The Underworld - Page 33/162

Back when the palace was hers.

She paused halfway up, remorse and longing settling deep inside her, along with a sense of loss. She'd given up everything to become human and then fucked it all up. If she hadn't left her position as Death, the underworld and all its souls would be safe. Gabriel wouldn't be locked out.

They wouldn't be a part, and she wouldn't be sad, because she'd lost him.

Anger flared within her, and she shook her head to clear the emotions. She wasn't certain how to handle the human feelings. Lately, they'd imprisoned her as much as the death dealers, made her incapable of acting, left her spinning out of control.
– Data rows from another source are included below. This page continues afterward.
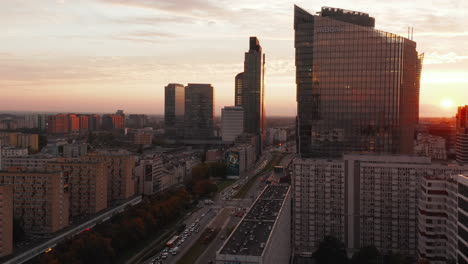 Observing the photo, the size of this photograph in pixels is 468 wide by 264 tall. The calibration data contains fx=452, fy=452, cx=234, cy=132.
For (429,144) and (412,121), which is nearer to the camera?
(412,121)

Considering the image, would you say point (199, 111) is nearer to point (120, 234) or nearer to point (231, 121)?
point (231, 121)

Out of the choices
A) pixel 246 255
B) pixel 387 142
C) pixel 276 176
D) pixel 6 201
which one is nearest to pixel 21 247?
pixel 6 201

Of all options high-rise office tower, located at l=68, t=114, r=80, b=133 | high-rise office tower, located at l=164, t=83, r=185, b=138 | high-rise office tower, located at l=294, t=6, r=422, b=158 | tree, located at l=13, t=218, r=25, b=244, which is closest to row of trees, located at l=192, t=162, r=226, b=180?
high-rise office tower, located at l=294, t=6, r=422, b=158

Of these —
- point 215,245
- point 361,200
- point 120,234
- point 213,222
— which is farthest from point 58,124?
point 361,200

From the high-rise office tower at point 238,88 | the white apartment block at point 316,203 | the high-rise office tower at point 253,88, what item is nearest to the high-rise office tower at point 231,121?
the high-rise office tower at point 253,88

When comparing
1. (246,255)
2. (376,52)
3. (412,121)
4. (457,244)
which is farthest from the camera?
(412,121)

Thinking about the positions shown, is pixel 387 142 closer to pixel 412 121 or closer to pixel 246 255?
pixel 412 121

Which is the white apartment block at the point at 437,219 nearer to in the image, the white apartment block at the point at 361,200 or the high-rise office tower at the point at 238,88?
the white apartment block at the point at 361,200
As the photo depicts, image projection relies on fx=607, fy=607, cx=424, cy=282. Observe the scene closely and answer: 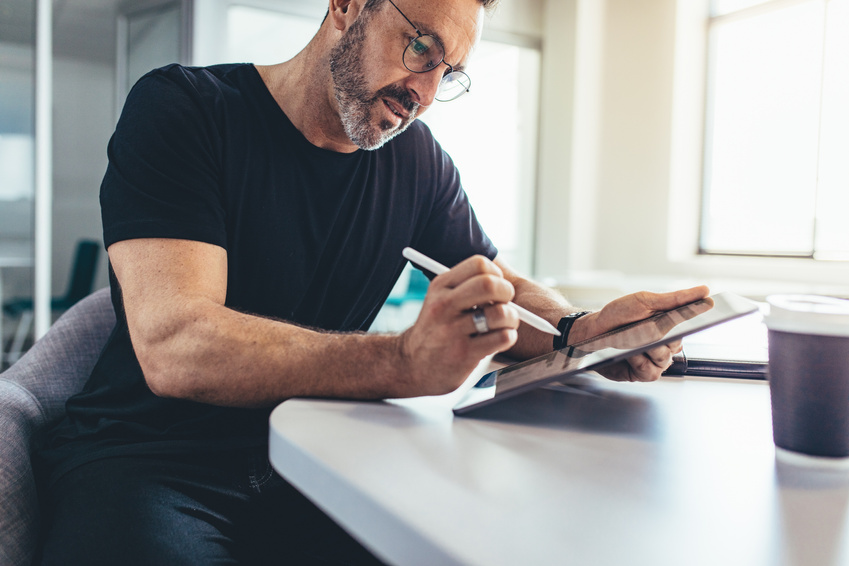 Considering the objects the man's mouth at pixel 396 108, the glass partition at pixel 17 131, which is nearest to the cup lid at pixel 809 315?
the man's mouth at pixel 396 108

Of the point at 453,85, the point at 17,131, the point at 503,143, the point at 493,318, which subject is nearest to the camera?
the point at 493,318

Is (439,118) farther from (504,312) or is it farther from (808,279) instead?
(504,312)

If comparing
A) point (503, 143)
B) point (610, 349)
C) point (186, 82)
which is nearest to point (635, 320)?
point (610, 349)

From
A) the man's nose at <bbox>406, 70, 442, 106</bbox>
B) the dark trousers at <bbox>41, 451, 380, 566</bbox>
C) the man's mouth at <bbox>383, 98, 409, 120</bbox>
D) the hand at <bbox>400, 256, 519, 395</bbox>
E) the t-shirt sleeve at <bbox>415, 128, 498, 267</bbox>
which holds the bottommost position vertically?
the dark trousers at <bbox>41, 451, 380, 566</bbox>

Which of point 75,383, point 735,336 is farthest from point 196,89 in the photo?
point 735,336

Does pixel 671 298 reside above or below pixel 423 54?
below

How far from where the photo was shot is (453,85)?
126 cm

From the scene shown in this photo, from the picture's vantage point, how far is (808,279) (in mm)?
3248

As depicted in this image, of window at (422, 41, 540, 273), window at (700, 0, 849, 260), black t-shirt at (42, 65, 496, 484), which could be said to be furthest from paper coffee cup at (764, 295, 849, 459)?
window at (422, 41, 540, 273)

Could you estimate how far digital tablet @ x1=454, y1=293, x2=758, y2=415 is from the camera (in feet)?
1.89

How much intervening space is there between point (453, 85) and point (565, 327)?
0.58m

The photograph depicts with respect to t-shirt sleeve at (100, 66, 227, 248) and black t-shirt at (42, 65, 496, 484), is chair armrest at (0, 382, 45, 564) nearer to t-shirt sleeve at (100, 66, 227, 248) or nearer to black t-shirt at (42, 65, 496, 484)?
black t-shirt at (42, 65, 496, 484)

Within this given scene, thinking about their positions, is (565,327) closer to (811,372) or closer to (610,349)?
(610,349)

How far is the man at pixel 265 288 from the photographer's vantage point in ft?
2.21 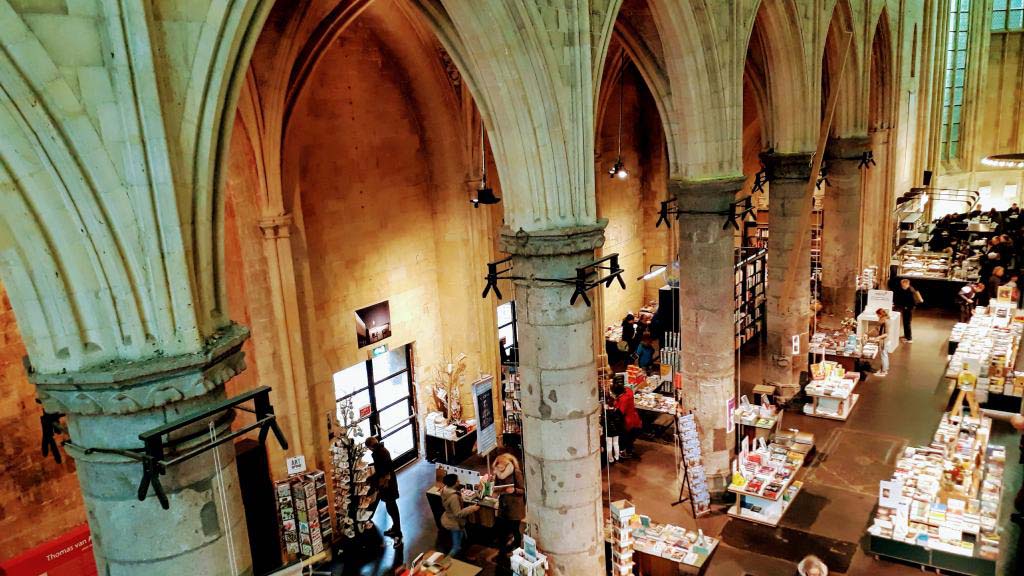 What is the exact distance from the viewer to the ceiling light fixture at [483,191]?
11250mm

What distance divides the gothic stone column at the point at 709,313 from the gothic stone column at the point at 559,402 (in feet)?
11.0

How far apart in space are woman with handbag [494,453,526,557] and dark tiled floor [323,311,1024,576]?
0.29 metres

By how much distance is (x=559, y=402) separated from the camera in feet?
24.8

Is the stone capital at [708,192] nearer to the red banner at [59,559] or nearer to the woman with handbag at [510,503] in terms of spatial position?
the woman with handbag at [510,503]

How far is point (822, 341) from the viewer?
15.6m

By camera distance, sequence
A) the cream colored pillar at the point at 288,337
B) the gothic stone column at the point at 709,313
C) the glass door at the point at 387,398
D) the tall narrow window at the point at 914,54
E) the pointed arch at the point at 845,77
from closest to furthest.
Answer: the cream colored pillar at the point at 288,337
the gothic stone column at the point at 709,313
the glass door at the point at 387,398
the pointed arch at the point at 845,77
the tall narrow window at the point at 914,54

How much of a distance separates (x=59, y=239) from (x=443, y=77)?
887 cm

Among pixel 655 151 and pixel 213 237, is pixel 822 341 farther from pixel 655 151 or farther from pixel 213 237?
pixel 213 237

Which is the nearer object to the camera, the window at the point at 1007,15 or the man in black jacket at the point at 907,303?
the man in black jacket at the point at 907,303

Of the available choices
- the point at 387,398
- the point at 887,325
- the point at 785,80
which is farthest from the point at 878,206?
the point at 387,398

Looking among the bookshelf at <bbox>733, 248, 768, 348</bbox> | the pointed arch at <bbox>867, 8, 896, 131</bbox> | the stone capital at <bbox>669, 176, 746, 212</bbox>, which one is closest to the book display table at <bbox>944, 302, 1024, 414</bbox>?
the bookshelf at <bbox>733, 248, 768, 348</bbox>

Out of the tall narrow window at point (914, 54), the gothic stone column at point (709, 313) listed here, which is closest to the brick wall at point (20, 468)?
the gothic stone column at point (709, 313)

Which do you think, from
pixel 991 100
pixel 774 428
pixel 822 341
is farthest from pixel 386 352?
pixel 991 100

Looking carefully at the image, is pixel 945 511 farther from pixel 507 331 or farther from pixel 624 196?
pixel 624 196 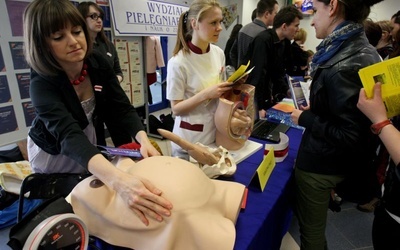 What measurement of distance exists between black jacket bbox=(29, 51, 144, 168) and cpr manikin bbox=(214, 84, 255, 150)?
0.35 metres

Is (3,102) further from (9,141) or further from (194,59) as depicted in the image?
(194,59)

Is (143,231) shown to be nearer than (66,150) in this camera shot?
Yes

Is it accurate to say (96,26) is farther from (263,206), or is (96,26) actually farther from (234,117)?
(263,206)

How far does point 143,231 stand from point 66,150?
36 centimetres

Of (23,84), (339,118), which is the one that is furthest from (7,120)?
(339,118)

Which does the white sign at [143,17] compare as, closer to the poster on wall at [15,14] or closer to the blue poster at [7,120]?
the poster on wall at [15,14]

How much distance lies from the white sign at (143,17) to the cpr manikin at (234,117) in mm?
1909

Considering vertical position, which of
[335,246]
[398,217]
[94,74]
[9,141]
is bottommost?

As a deity, she had never experienced these sensations. As a human who recalled what it was like to be an all-powerful deity, she hated being … vulnerable. Weak. Emotional.

Past-Death continued up the stairs to the second subfloor. It was lined with a few more rooms, some used by her predecessors as torture rooms, as well as guard quarters and supply rooms.

Voices drifted from a doorway on her right, and she stopped at the edge of the door, fear fluttering through her at the thought of discovery.

It's just a dream, she reminded herself.

With a deep breath, past-Death entered the room boldly.

The three death dealers acting as guards didn't look up at her entrance, and she relaxed. They certainly appeared to be very real, but they weren't able to see her.

Are all human dreams like this? Past-Death studied the three. She knew them. They were junior death dealers, from the same crop as Harmony, who hadn't been around for more than five hundred years. She had hand selected every grim reaper she ever conscripted.

How had she missed the warning signs that these particular trained assassins wanted to usurp Death? She'd read their souls when she brought them in. They at least started out as loyal. Was it simply what Gabriel had tried to tell her on many occasions? That compelling the elite killers to work for her was wronging them? The duty was an honorable one, to claim and protect the souls of humans, Immortals and other deities alike. Who would not want to perform such a sacred duty?

Not that it matters now. She looked away from the three. Whatever mistakes she made in the past, they were done with. Not only that, but Gabriel was smart enough to avoid the same issues she'd somehow created over the years.

Past-Death's gaze fell to the ancient keys to dungeon cells that hung on one wall. They were in two rows, arranged in the same order that the cells were in, with each key having a duplicate. Doubting anything she did in a dream was going to carryover when she awoke, she plucked up two keys: one to her cell and the other to one of the two cells at the end of the hallway.